# Removing Music from Trailers



## BenG (Jan 8, 2019)

Been looking to trying to learn some basic music editing and was wondering if there was any way to remove music from a trailer? With Cubase or some other free software?

Here is the trailer...


(I've tried the 'center channel' trick, but when importing into Cubase there seems to be only L/R)


----------



## Ollie (Jan 8, 2019)

BenG said:


> Been looking to trying to learn some basic music editing and was wondering if there was any way to remove music from a trailer? With Cubase or some other free software?
> 
> Here is the trailer...
> 
> ...



You can try searching for the 5.1 surround mix of the trailer. 

Then you can import the audio and just delete the channels with the music. 

Here is a good site to find 5.1 mixes: https://thedigitaltheater.com/master-trailer-list/


----------



## BenG (Jan 8, 2019)

Thanks for the tip, @Ollie! Unfortunately, it doesn't seem to be available anywhere since it's not a 'Hollywood/blockbuster' film...:/


----------



## dannymc (Jan 8, 2019)

sign with a trailer publisher. they can supply RAW trailers for you to practice on 

Danny


----------



## d.healey (Jan 8, 2019)

This might be useful to you - https://musichack.wordpress.com/gw-tutorials/center-channel-extractionisolation/


----------



## WhiteNoiz (Jan 9, 2019)

Get the original video with 5.1 sound (something like hd-trailers.net). Some have only voice in center channel, some have music in there too. You need to download and check. (For example, I'm certain the Warcraft one had only voice in center) It's possible some youtube ones have 5.1 sound, but you need to check the audio streams... (It's a bit much but you can try  )

https://www.h3xed.com/blogmedia/youtube-info.php
https://productforums.google.com/forum/#!msg/youtube/cJncNzZ0oAw/tL2CUI8ZCQAJ

(Haven't really tried it that way, but could be possible, if you find a way to download that specific stream)

Grab Reaper, it will import the tracks as glued 5.1 tracks. Then right click and choose to explode to multi tracks.
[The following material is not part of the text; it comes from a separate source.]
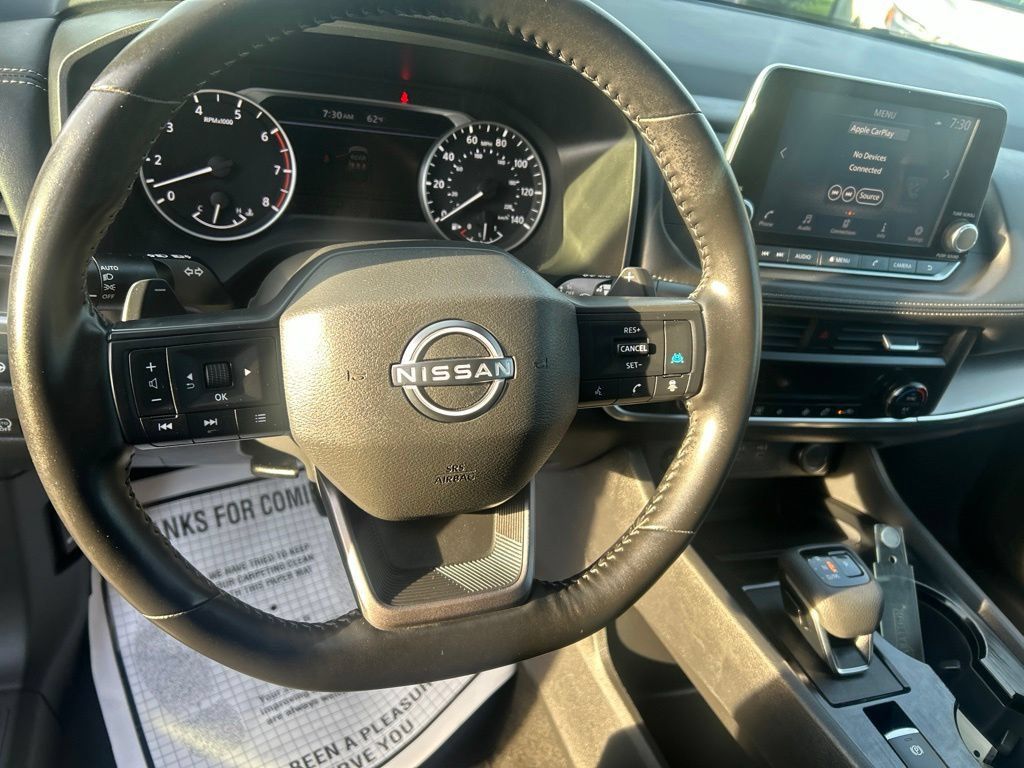 Used 2025 Nissan Rogue SV AWD/4WD image 22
Solo center channel. Export*. Recombine with mkvtoolnix (no conversion other than resaving audio channel).

*At least if you don't wanna deal with soloing and want a clean cut video to import (plus, exploding will fill your folder with a few useless wavs)


----------



## BenG (Jan 9, 2019)

Thanks guys, will Check these out! It seems YouTube is the only place where I can find the trailer but I will give it a shot and hope there is a center channel. Also. didn't know that Reaper can do that!


----------



## BenG (Jan 9, 2019)

dannymc said:


> sign with a trailer publisher. they can supply RAW trailers for you to practice on
> 
> Danny


Ha! Seems so simple...


----------



## Emmanuel Rousseau (Jan 9, 2019)

Sometimes even with the 5.1 you could have some music on the Center Channel (which usually contains all the dialogues and SFX), but mixed quite low.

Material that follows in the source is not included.